Creative Artists Agency put together a project of extraordinary mediocrity and colossal stupidity. Otherwise, it was great.

Astaire was not a sexual animal, but he made his partners look so extraordinarily related to him.

I really reject that kind of comparison that says, Oh, he is the best. This is the second best. There is no such thing.

I get speeding ticket like everybody else. If the restaurant is full I'm waiting in line like everybody else.

To achieve some depth in your field requires a lot of sacrifices. Want to or not, you're thinking about what you're doing in life-in my case, dancing.

I cannot belong to a nonprofit organization because when you receive grants, you have to make such great compromises with your artistic plans.

I am not the first straight dancer or the last.

It's weird when you see pieces of choreography that were done for you 15 or 20 years ago and now they are being done by another dance company.

In '74 it was really a very gloomy atmosphere, I would say, to put it mildly.

I was very restless.

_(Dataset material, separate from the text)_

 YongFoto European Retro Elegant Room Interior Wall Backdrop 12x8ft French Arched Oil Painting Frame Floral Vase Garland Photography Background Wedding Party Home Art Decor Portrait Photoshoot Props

I really wanted to be a part of a kind of a progressive society. I was fed up with these Communist doctrines and you were hassled all the time with members of the Party committee who were KGB, what you have to do, where in the West you can go or not to go.

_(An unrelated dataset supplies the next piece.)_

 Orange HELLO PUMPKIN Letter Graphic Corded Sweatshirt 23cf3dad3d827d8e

My father was a Party member and he was a pretty high rank military officer under the colonel, junior colonel, I don't know the term. He was a total Stalinist. A bit with a streak of anti-Semitism and very shrewd man, a very kind of nervous man.

Running a company is pretty demanding.

Obviously, the young dancers lack a certain air of maturity.

I am teaching more. That is what I do best.

I have made mistakes.

I don't want to do anything Freudian.

Your heart is very much connected to your mind.

I miss horribly those couple of hours before the performance when you get into the theater and you see people.

Dances have a second and third life. You feel they are never ready. They always have a chance for another life.

My mother had a son from previous marriage and her husband died in Second World War.

I have the life of seven cats.

I've been hurt quite a few times.

I am not trying to do material which I cannot do full out.

I would like to go and dance in Palestine one day, with great pleasure, great pleasure.

I've always said, 'I am a selector, I am not defector' - the first few phrases in English I learned. I said I hate 'defector'; something defective about the people. It's a bad word.

A country like Belgium, or socialist countries in central Europe spend more money on art education than the United States, which is a really puzzling thought.

I never liked dance photography; it's very flat, and dance photography in the studio looks very contrived.

I was always interested in photography and other forms of art.

I don't go to a gym, I don't do yoga. I don't do personal training.

When I'm alone, I work sometimes with music, sometimes without and sometimes just listening to NPR.